◆ **Problem statement**: Set down a faithful copy of every record, and skip the pictures in it.

◆ **Information supplied**:
_____
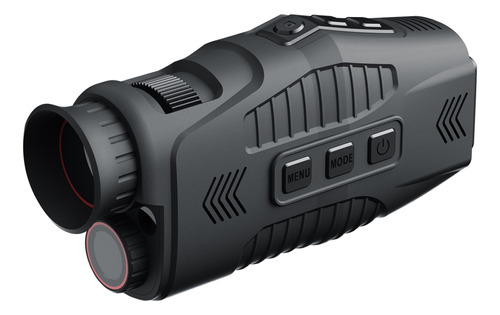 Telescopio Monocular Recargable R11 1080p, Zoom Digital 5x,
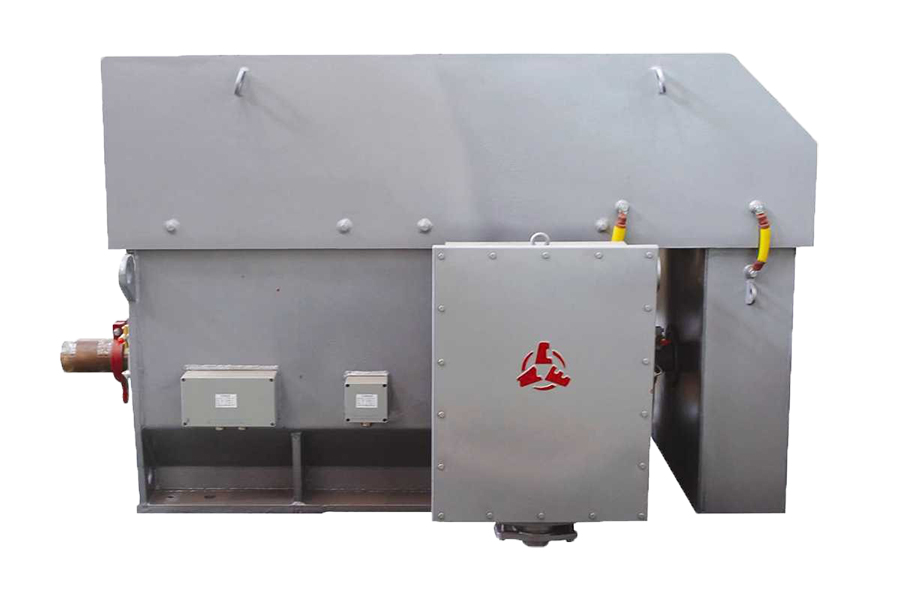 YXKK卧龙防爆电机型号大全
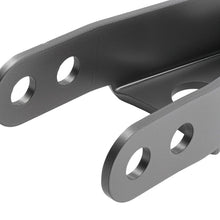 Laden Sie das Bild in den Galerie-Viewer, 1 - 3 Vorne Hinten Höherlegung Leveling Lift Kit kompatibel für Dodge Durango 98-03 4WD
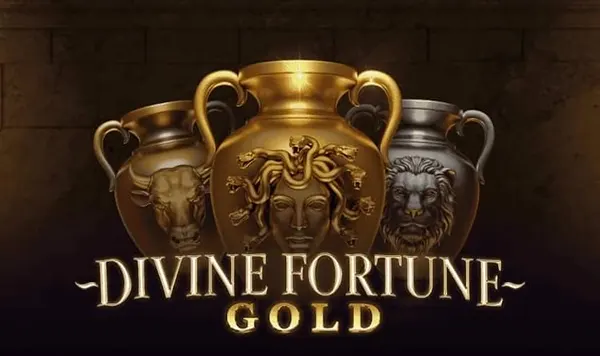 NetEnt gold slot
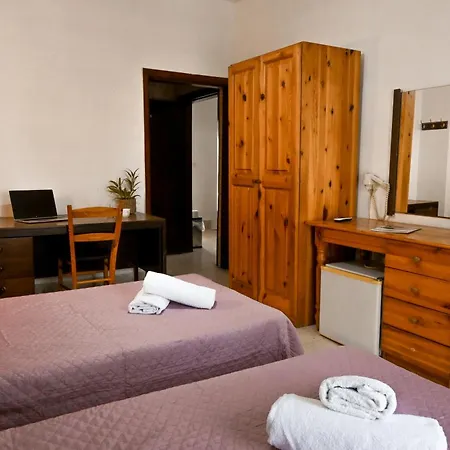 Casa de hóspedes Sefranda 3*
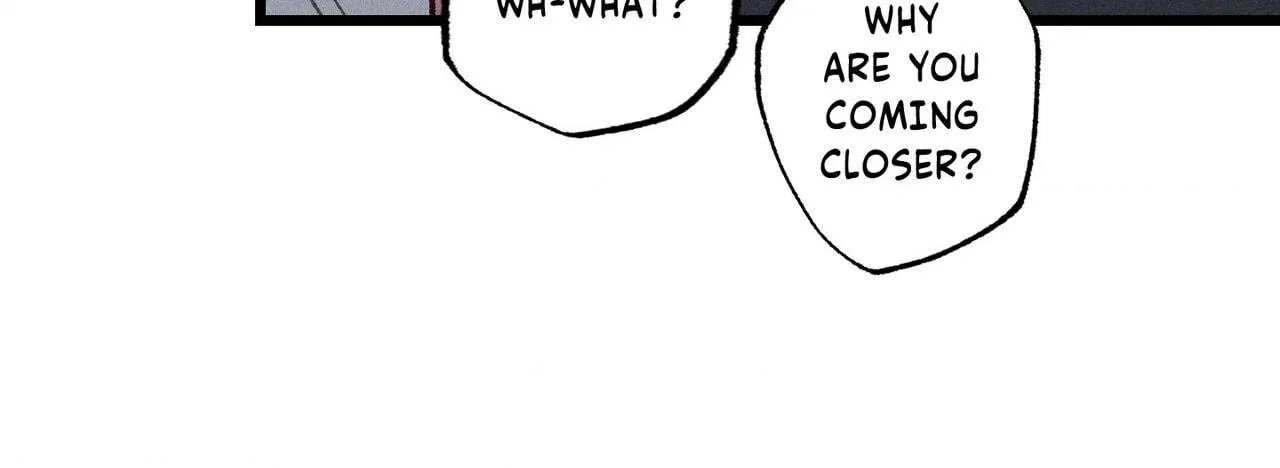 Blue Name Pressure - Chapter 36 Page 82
_____
◆ **Finished exercise**:
 Telescopio Monocular Recargable R11 1080p, Zoom Digital 5x,
 YXKK卧龙防爆电机型号大全
 Laden Sie das Bild in den Galerie-Viewer, 1 - 3 Vorne Hinten Höherlegung Leveling Lift Kit kompatibel für Dodge Durango 98-03 4WD
 NetEnt gold slot
 Casa de hóspedes Sefranda 3*
 Blue Name Pressure - Chapter 36 Page 82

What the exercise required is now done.